Guinée : la veuve de l'ex-dictateur Sékou Touré sort du silence

15 - Mai - 2025

À 91 ans, la veuve du premier président guinéen vit à la case de Bellevue, qui lui a été restituée en 2021 par Mamadi Doumbouya. Si elle parle peu de sa vie au Palais et de sa détention en prison, ses souvenirs des années au pouvoir de son époux sont intacts.

Comment a-t-elle rencontré son mari ? Quel âge avait-elle lorsqu’ils se sont mariés ? À ces questions, Andrée Touré répond invariablement : « Je ne m’en souviens plus » ou « Vous me demandez beaucoup de choses ». L’indépendance de la Guinée ? « J’ai quelques souvenirs », acquiesce enfin la nonagénaire, qui devient subitement plus loquace. « Quand le général de Gaulle est venu en Guinée, il a proposé que nous scellions la communauté française », se remémore-t-elle.

Le président Sékou Touré, qui n’était pas de cet avis, lui a dit : « Nous préférons la liberté dans la pauvreté à l’opulence dans l’esclavage. » Cela a choqué le dirigeant français, qui lui a répondu : « On a parlé d’indépendance, et je dis qu’ici plus qu’ailleurs, elle est à la disposition de la Guinée. Elle peut la prendre en disant non à la proposition qui lui est faite. Et dans ces conditions, la France n’y sera pas opposée. Elle en tirera les conséquences et la Guinée pourra poursuivre sur la voie qu’elle désire. »

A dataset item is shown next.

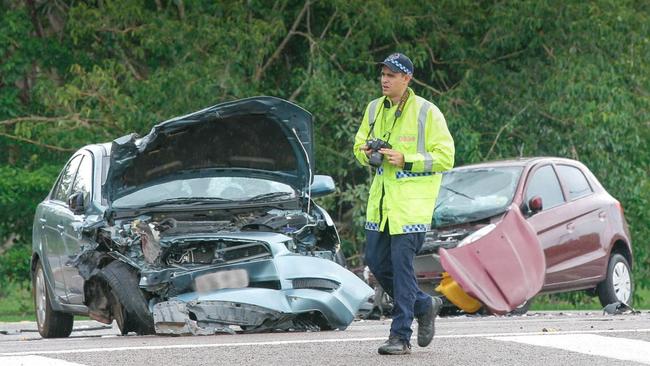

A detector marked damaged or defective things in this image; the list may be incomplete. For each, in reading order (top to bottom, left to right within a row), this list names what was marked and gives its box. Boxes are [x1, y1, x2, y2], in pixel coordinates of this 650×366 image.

detached car panel [31, 97, 370, 338]
damaged silver car [33, 96, 372, 338]
detached car panel [438, 204, 544, 314]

Ces échanges musclés entre Ahmed Sékou Touré et Charles de Gaulle, le 25 août 1958 à Conakry, qui scelleront le destin du pays, lequel reprendra un mois plus tard sa liberté, Andrée Touré les connaît par cœur. Au cours du très bref entretien – onze minutes – qu’elle nous a accordé, l’ex-Première dame, les a évoqués à plusieurs reprises. Si, à l’entendre, son passé personnel demeure plus flou dans sa mémoire – ou peut-être a-t-elle jeté dessus un voile pudique –, ses souvenirs des années au pouvoir de son époux demeurent intacts.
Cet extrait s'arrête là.